*Records drawn from a dataset*:
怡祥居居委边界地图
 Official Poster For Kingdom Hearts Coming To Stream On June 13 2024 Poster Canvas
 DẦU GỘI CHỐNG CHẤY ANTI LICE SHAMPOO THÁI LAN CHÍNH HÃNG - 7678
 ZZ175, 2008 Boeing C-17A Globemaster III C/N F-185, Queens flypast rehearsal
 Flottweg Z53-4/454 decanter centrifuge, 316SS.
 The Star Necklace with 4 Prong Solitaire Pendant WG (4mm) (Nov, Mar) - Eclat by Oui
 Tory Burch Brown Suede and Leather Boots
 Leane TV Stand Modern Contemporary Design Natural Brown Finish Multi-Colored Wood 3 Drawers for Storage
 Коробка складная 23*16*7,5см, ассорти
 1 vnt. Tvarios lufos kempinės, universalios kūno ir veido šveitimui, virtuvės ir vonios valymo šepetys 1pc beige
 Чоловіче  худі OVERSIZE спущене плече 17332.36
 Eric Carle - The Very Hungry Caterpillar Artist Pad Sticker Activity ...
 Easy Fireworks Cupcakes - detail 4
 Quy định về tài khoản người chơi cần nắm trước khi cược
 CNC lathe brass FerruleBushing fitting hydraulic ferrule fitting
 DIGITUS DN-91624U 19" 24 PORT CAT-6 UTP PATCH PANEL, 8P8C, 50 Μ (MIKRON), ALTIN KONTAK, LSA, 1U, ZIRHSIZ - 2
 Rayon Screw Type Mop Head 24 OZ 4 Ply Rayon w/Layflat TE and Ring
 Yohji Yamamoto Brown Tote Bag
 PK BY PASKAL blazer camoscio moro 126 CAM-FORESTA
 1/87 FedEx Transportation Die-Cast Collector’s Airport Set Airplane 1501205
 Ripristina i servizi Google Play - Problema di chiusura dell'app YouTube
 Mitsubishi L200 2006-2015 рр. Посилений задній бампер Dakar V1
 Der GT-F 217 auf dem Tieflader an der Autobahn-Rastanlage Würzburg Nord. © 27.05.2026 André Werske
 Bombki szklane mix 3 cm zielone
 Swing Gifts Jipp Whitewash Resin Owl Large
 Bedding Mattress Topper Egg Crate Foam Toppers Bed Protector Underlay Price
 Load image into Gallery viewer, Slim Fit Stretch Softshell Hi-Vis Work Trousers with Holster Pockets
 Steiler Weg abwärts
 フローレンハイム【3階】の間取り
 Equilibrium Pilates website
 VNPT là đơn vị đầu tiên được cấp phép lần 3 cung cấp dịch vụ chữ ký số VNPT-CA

*Exercise goal*: An exact restatement of the lines from the one with "спущене плече 17332.36" through the last line of the data is the only acceptable answer.

*Exercise answer*:
 Чоловіче  худі OVERSIZE спущене плече 17332.36
 Eric Carle - The Very Hungry Caterpillar Artist Pad Sticker Activity ...
 Easy Fireworks Cupcakes - detail 4
 Quy định về tài khoản người chơi cần nắm trước khi cược
 CNC lathe brass FerruleBushing fitting hydraulic ferrule fitting
 DIGITUS DN-91624U 19" 24 PORT CAT-6 UTP PATCH PANEL, 8P8C, 50 Μ (MIKRON), ALTIN KONTAK, LSA, 1U, ZIRHSIZ - 2
 Rayon Screw Type Mop Head 24 OZ 4 Ply Rayon w/Layflat TE and Ring
 Yohji Yamamoto Brown Tote Bag
 PK BY PASKAL blazer camoscio moro 126 CAM-FORESTA
 1/87 FedEx Transportation Die-Cast Collector’s Airport Set Airplane 1501205
 Ripristina i servizi Google Play - Problema di chiusura dell'app YouTube
 Mitsubishi L200 2006-2015 рр. Посилений задній бампер Dakar V1
 Der GT-F 217 auf dem Tieflader an der Autobahn-Rastanlage Würzburg Nord. © 27.05.2026 André Werske
 Bombki szklane mix 3 cm zielone
 Swing Gifts Jipp Whitewash Resin Owl Large
 Bedding Mattress Topper Egg Crate Foam Toppers Bed Protector Underlay Price
 Load image into Gallery viewer, Slim Fit Stretch Softshell Hi-Vis Work Trousers with Holster Pockets
 Steiler Weg abwärts
 フローレンハイム【3階】の間取り
 Equilibrium Pilates website
 VNPT là đơn vị đầu tiên được cấp phép lần 3 cung cấp dịch vụ chữ ký số VNPT-CA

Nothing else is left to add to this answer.